Forget waiting until your kids are five to put them in school - education experts say the evidence backs waiting until they're as old as seven.

The Government announced on Wednesday it plans to drop cohort entry for four-year-olds, Prime Minister Jacinda Ardern saying it's "in the best interest of kids".

"The overwhelming feedback during the select committee process was that children shouldn't start school before they had turned five," added Education Minister Chris Hipkins.

Professor Welby Ings of AUT University says most kids aren't ready for school when they're four.

"There's some very good research saying even seven - places like Finland, that has an extremely good education system, kids are starting at seven," he told The AM Show on Thursday.

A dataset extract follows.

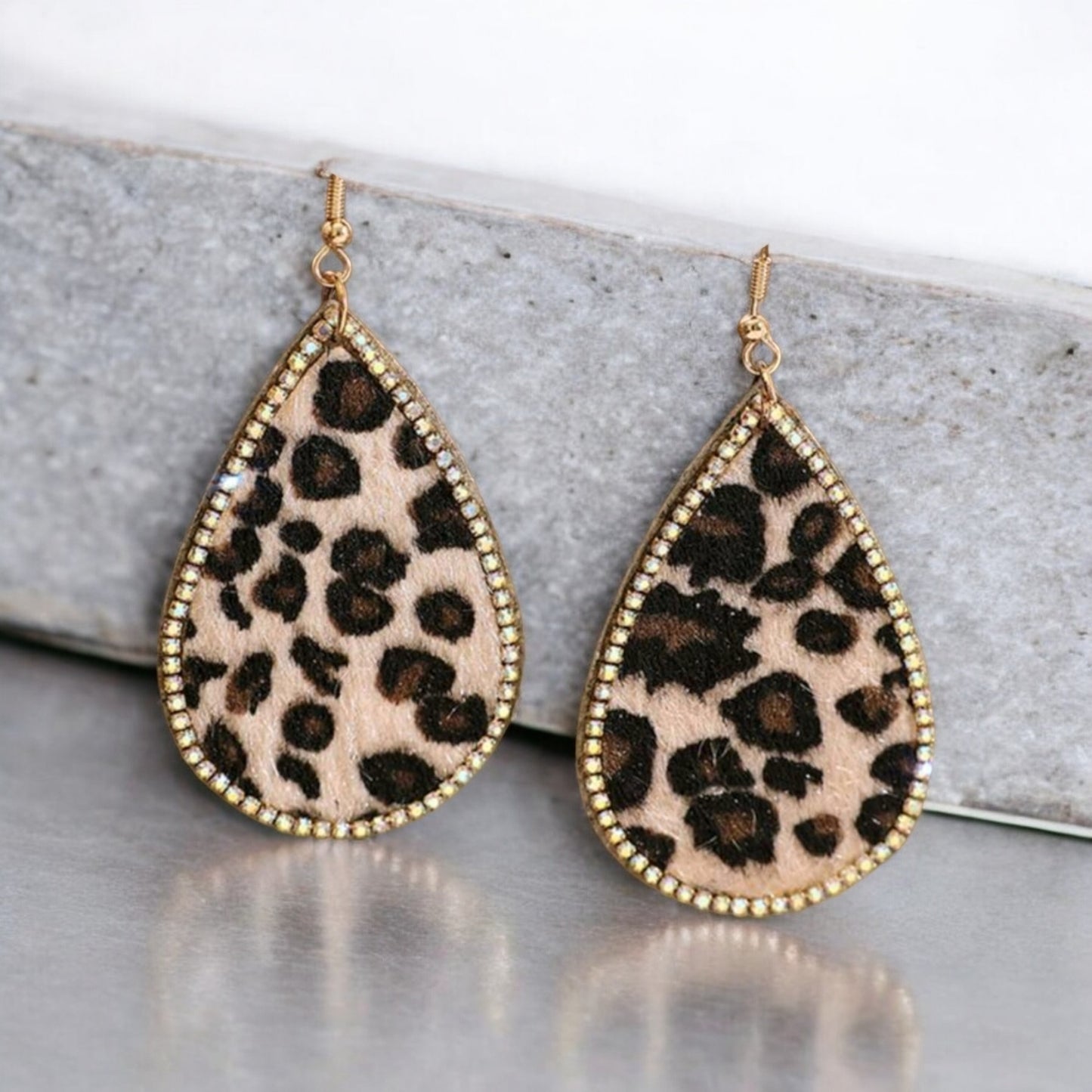 Spotted In The Wild Teardrop Leopard Fashion Earrings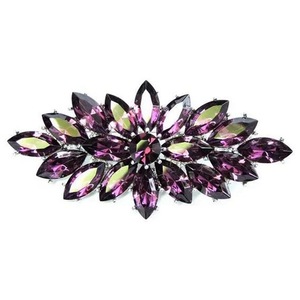Crystal Gold Plated Women's Marquise Cut Purple Leaf Plant Shape Alloy Brooch <b>Wedding</b> Jewelry <b>Accessory</b> with Plating - Product Image 4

"Definitely there's research to say starting children before the age of five leads to problems."

A European study published in 2015 found delaying the start of formal school education from six to seven "virtually eliminated" inattentive and hyperactive behaviour a few years down the line.

"The research is showing when they start later, they do much better."

The problem, he says, is that many four- and five-year-old children haven't developed the "foundation skills" required to effectively learn in a school environment.

"Learning to estimate... our most fundamental mathematical skill; being able to communicate ideas, express ideas; being able to navigate relationships with people.

"If you don't have those, you're trying to build an education on a bad foundation.

"School essentially starts moving what's concrete, what's physical into what's abstract. Some kids can be very, very bright, but it doesn't mean they've got a good foundation."

So why did the previous Government want to make it so schools could start taking in children at four years of age? Prof Ings says it was "about appeasing a small group of people, I think it was about... playing with cosmetic change".

New Zealand Kindergarten chief executive Clare Wells said there was "no background work" done by the previous Government before announcing it would allow four-year-olds to start school.

"Without that evidence, I don't think that we can be confident... that is going to be good for every child."

NZEI president Lynda Stuart said kids are already starting school early enough.

Former Education Minister Nikki Kaye called the move "nanny state".